Aim of the task >> Every line from the one containing "Enterobius Vermicularis 28" to the end of the data below should be copied exactly, but pictures should not.

───── Data in this exercise ─────

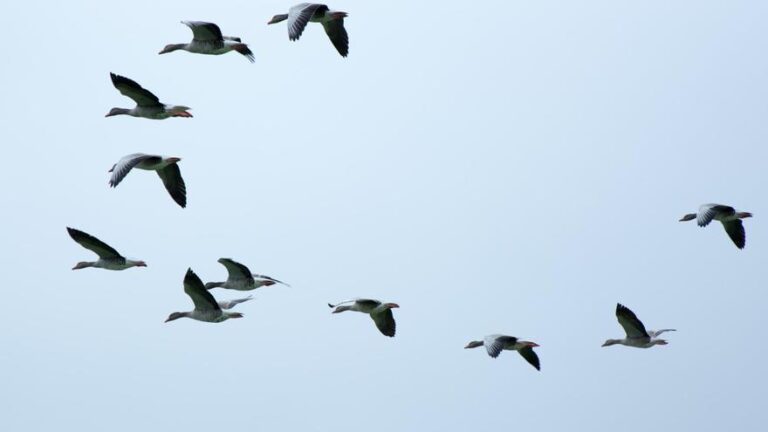 Cómo detectan las aves los campos magnéticos para orientarse? Hallan nuevas respuestas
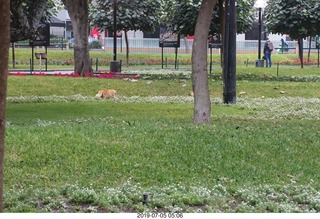 43 a0f. Peru - Lima run - cat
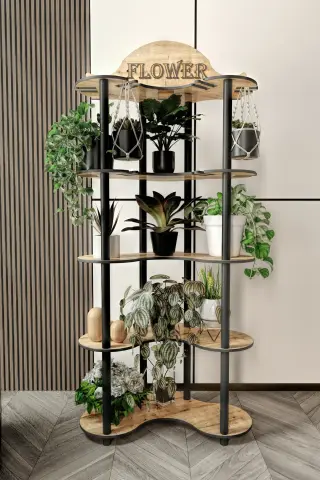 Ravilo Mimosa Dekoratif Çiçeklik Saksılık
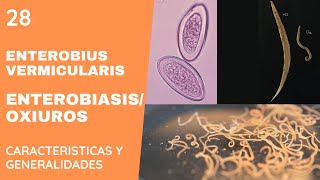 Enterobius Vermicularis 28  OXIUROS  NEMATODOS [upl. by Gustin]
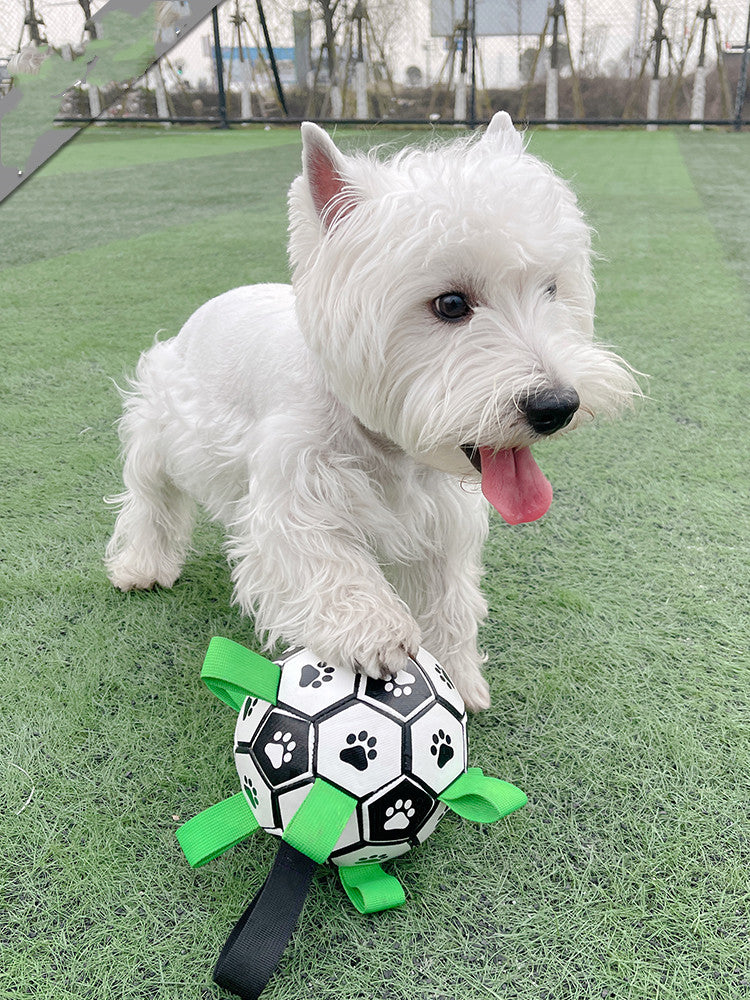 Lovely Paw Football Dog Toy | Interactive Fetch Toy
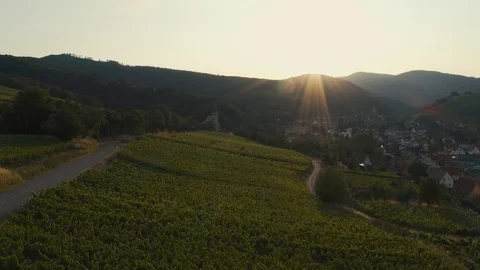 The drone flies over vineyards in the direction of the sunset sun Stock Footage 112328560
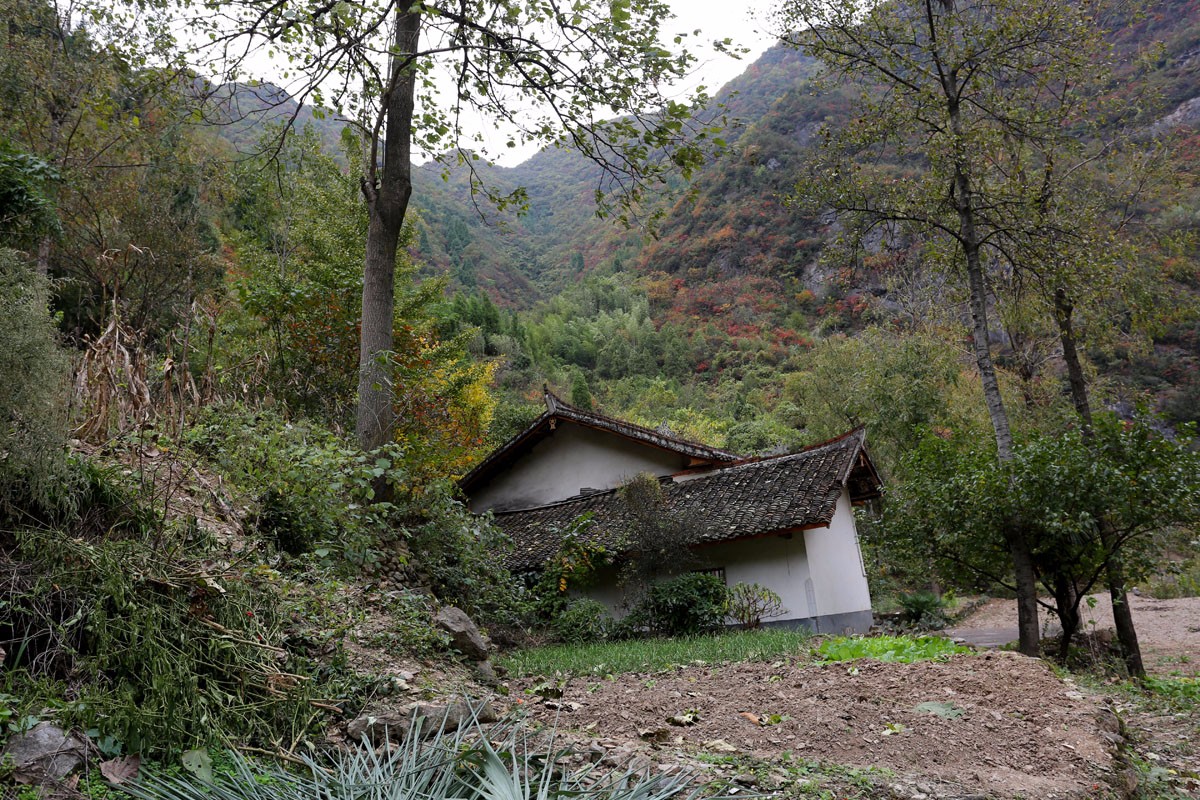 秦岭大山里的八旬老人 住着土坯房过着清净的日子
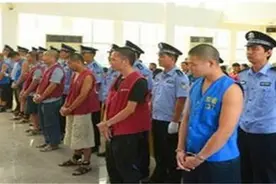 广东陆丰陈金朝落网记：出租车司机开车压死鸡，遭索赔180万图片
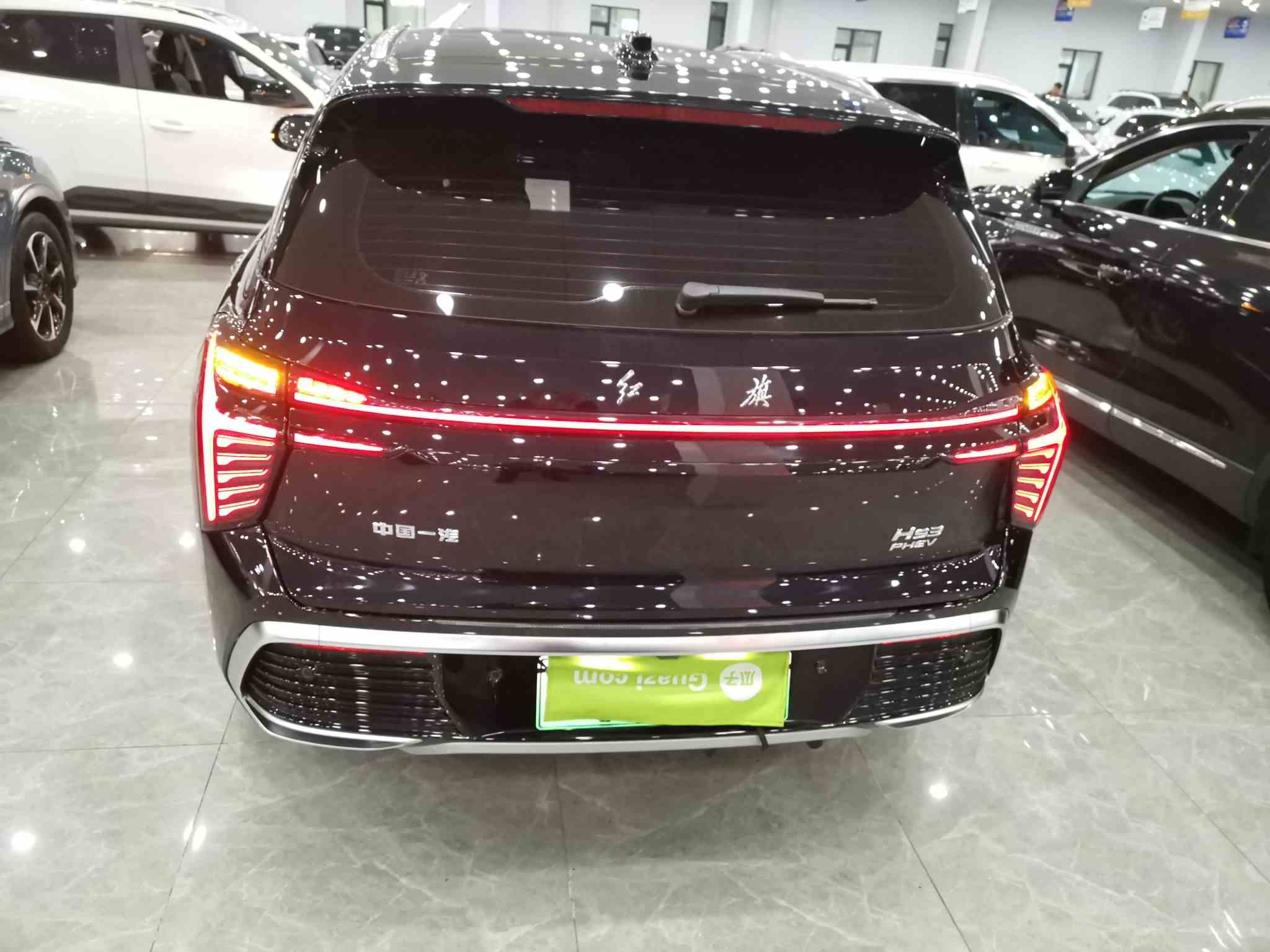 红旗HS3 PHEV 2024款 115km 劲为版(5)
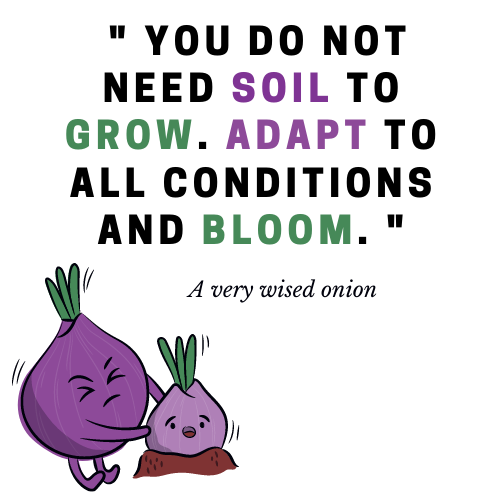 Onion plant illustration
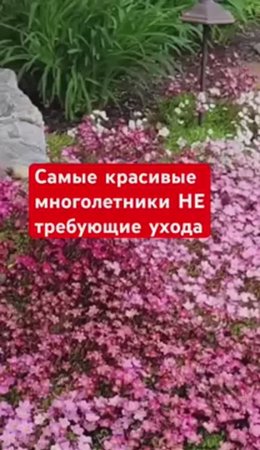 2 в 1: ковер из цветов которому ВООБЩЕ не нужен уход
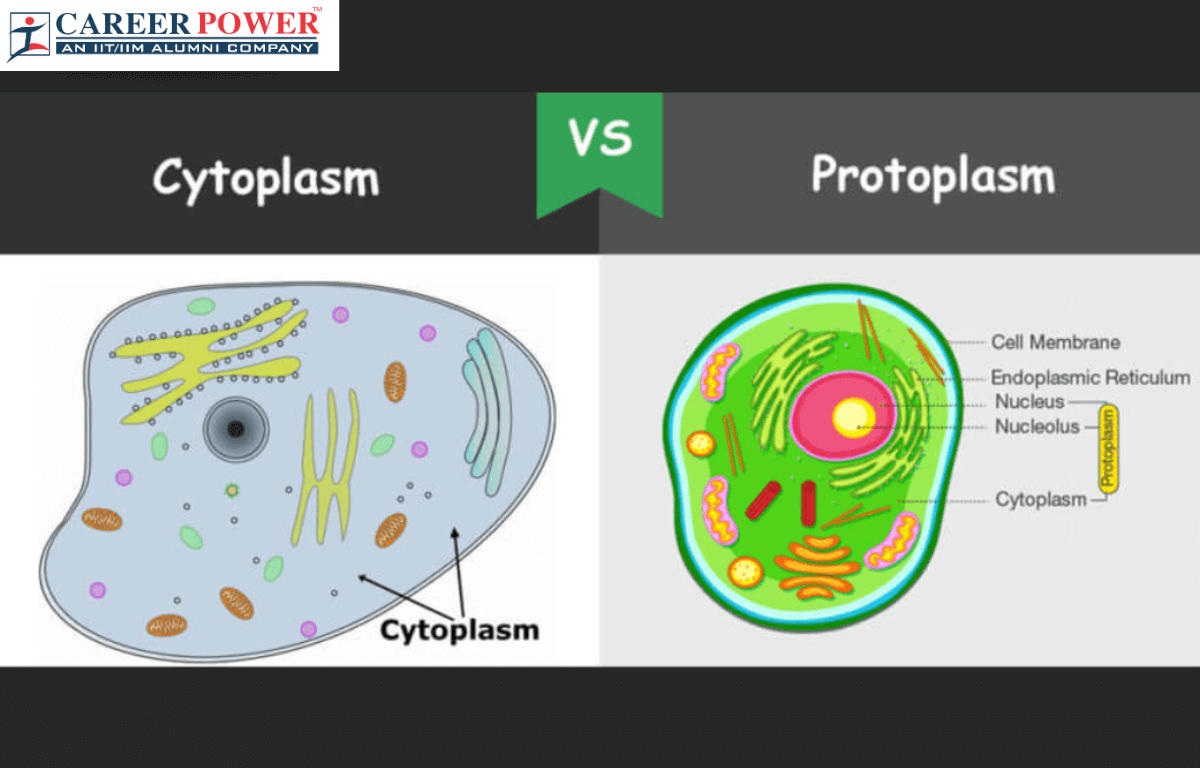 Difference Between Cytoplasm and Protoplasm_20.1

─────

Your solution >>
 Enterobius Vermicularis 28  OXIUROS  NEMATODOS [upl. by Gustin]
 Lovely Paw Football Dog Toy | Interactive Fetch Toy
 The drone flies over vineyards in the direction of the sunset sun Stock Footage 112328560
 秦岭大山里的八旬老人 住着土坯房过着清净的日子
 广东陆丰陈金朝落网记：出租车司机开车压死鸡，遭索赔180万图片
 红旗HS3 PHEV 2024款 115km 劲为版(5)
 Onion plant illustration
 2 в 1: ковер из цветов которому ВООБЩЕ не нужен уход
 Difference Between Cytoplasm and Protoplasm_20.1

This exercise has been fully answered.